◆ PROBLEM STATEMENT ◆
Repeat all of the data word for word so that only the pictures are missing from the copy.

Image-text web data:
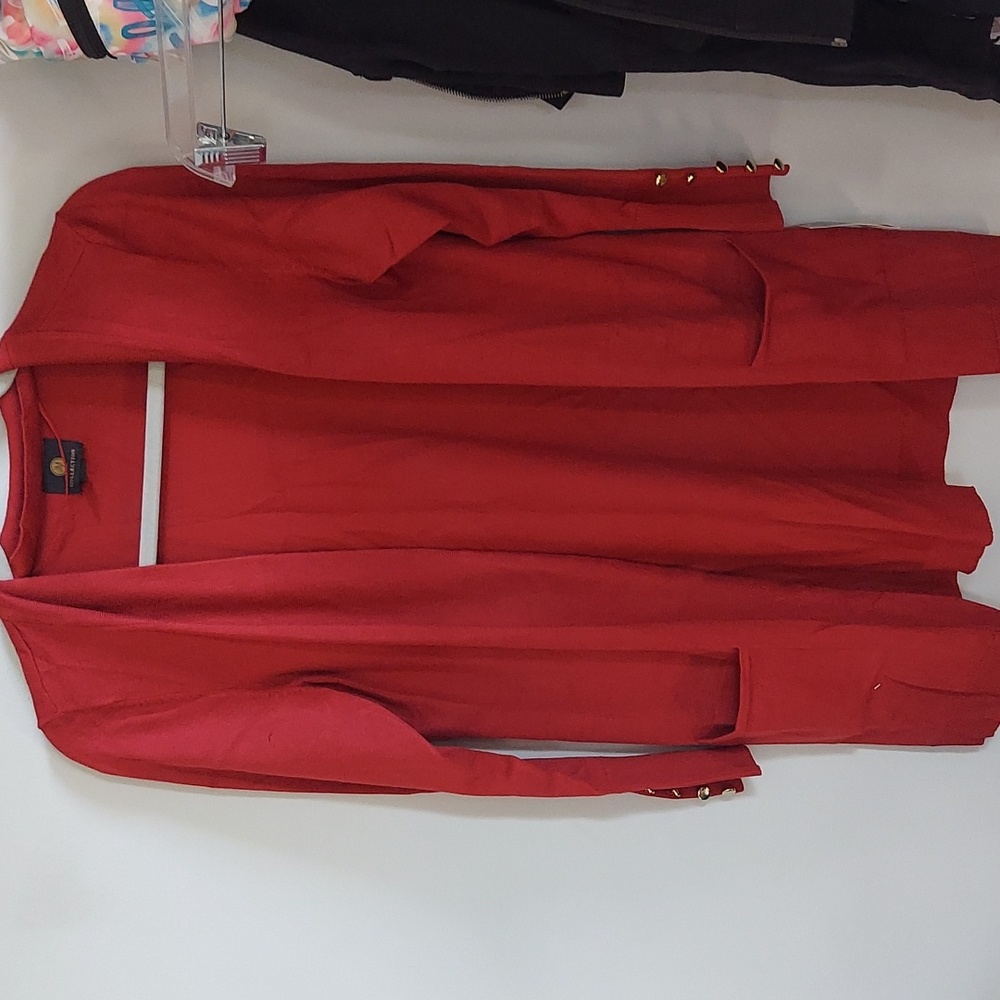 Long red cardigan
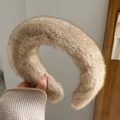 Plush faux fur headband in light coffee gradient color for winter warm styling - Wide Headband / Beige Coffee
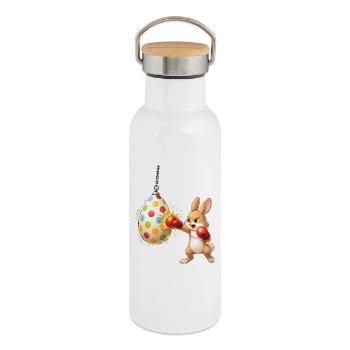 Boxender Osterhase mit Osterei-Boxsack - Thermosflasche mit Bambusdeckel - Weiß - Rechts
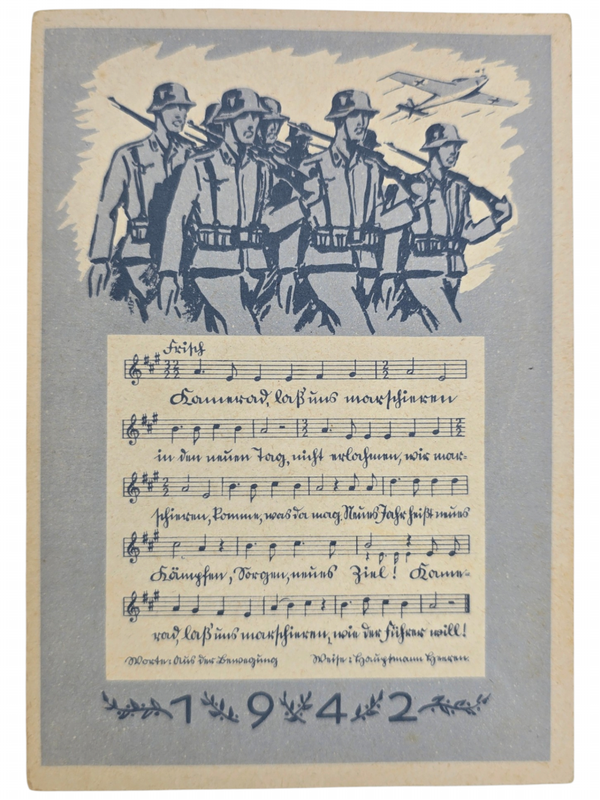Original WW2 German Postcard - New Years card Luftgaukommando VI, Munster, Marching song (1942)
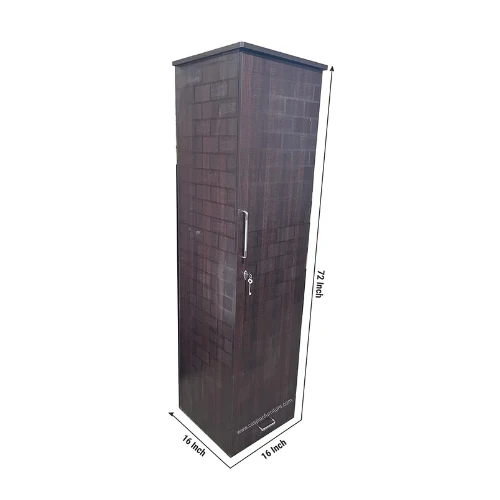 Brick Textured Engineered Wood Single Door Cupboard with 3 Shelves, 4 compartments - Image 3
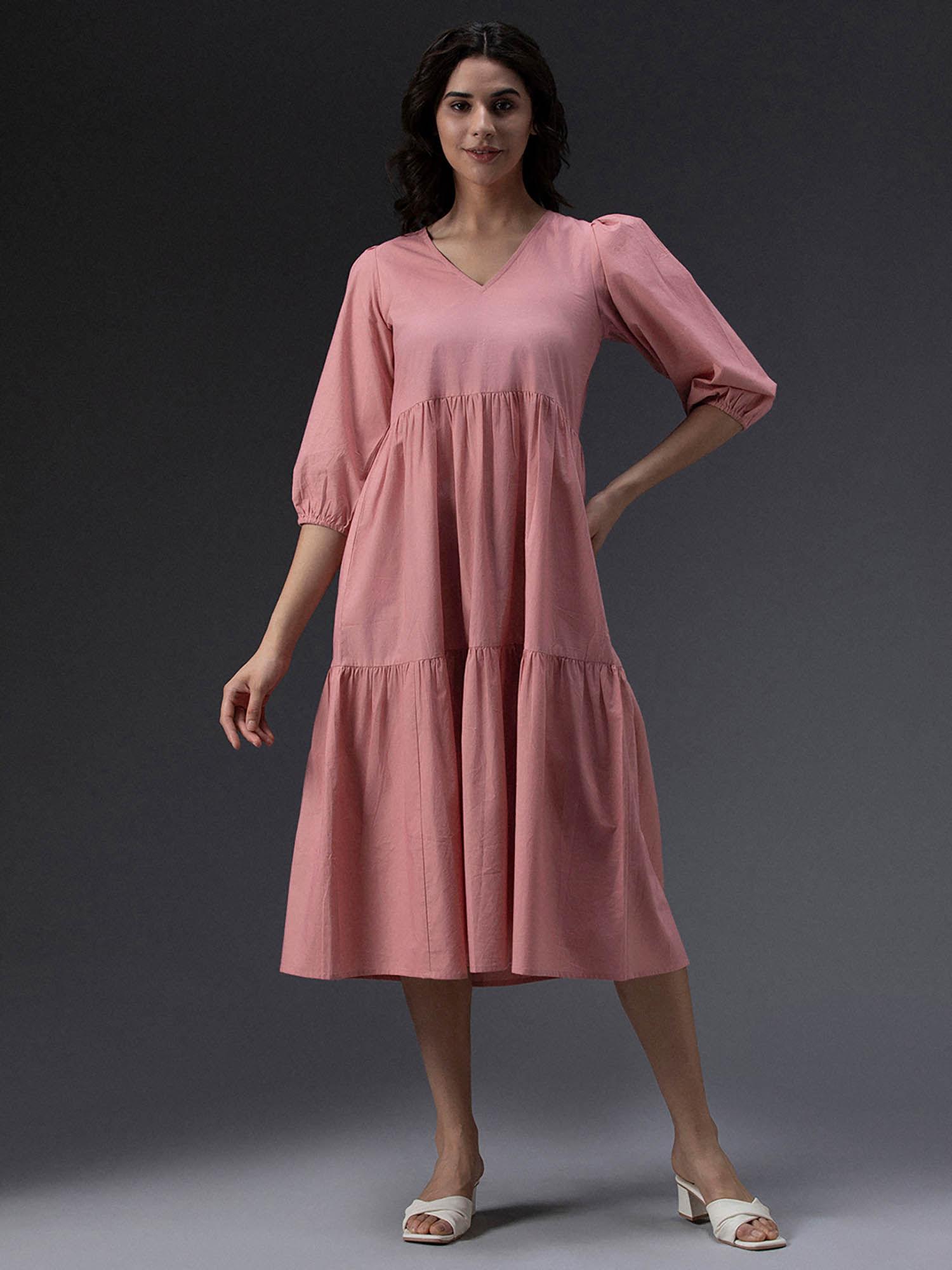 women pink pure cotton poplin dress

◆ ANSWER SECTION ◆
 Long red cardigan
 Plush faux fur headband in light coffee gradient color for winter warm styling - Wide Headband / Beige Coffee
 Boxender Osterhase mit Osterei-Boxsack - Thermosflasche mit Bambusdeckel - Weiß - Rechts
Original WW2 German Postcard - New Years card Luftgaukommando VI, Munster, Marching song (1942)
 Brick Textured Engineered Wood Single Door Cupboard with 3 Shelves, 4 compartments - Image 3
 women pink pure cotton poplin dress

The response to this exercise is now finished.